As this court stated in Matter of Acinapuro v Board of Coop. Educational Servs. (89 AD2d 329, 335), “where a component school district withdraws its students from a BOCES program and establishes an equivalent program of its own, it has taken over the program within the contemplation of section 3014-b of the Education Law (see Matter of Owlett, 16 Ed Dept Rep 317; see, also, Matter of Angello v Board of Coop. Educational Servs., 80 Misc 2d 472, affd 55 AD2d 806).”
This court has previously approved of a procedure directing BOCES to notify teachers who were affected by a program “takeover” of the fact of the takeover (Matter of Acinapuro v Board of Coop. Educational Servs., supra, p 338).

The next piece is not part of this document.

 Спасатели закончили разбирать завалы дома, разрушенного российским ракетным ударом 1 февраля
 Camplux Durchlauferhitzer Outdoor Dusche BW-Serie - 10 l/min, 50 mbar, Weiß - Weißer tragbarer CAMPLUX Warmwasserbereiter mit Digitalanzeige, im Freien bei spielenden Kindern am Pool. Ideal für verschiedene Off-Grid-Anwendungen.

However, where, as here, the component school district has withdrawn only 3 students out of 14 in a program, whether or not a takeover has occurred is less obvious than in a situation where the district has withdrawn all or most of its students, particularly where, as here, the district informed BOCES that the withdrawals did not constitute a takeover of any BOCES program by the district. Accordingly, we reject petitioner’s argument that BOCES had an affirmative duty to notify her that students had been withdrawn from the special education program (Matter of Acinapuro v Board of Coop. Educational Servs., supra, p 338).
However, insufficient facts were developed at Special Term concerning whether or not there was in fact a takeover (Education Law, § 3014-b). Therefore, we reverse the judgment appealed from, and remit the matter to Special Term for a hearing and new determination on that issue.
*624As our Court of Appeals has stated, “[t]he tenure statutes are intended to protect the teacher and not become a trap to those not guileful enough to avoid it” (Matter of Baer v Nyquist, 34 NY2d 291, 299). The determination of whether or not there has been a takeover will involve a detailed exploration into, inter alia, (1) the reasons why the three children were withdrawn from BOCES; (2) the program offered to these children at BOCES; (3) the program offered these children by the district on their return; (4) whether the program offered these children by the district was equivalent to the program offered by BOCES; (5) the reasons why the district hired a new probationary teacher; and (6) the reasons why petitioner was excessed by BOCES. Finally, Special Term must decide whether the decision by the school district, in deciding that section 3014-b of the Education Law did not apply, was correct (see Matter of Barone v Board of Coop. Educational Servs., Supreme Ct, Suffolk County, Feb. 20, 1984, Lama, J.).
We note that the teacher presently occupying the position to which petitioner claims entitlement need not be joined as a necessary party (see Matter of Lezette v Board of Educ., 35 NY2d 272). Gibbons, J. P., Brown, Niehoff and Boyers, JJ., concur.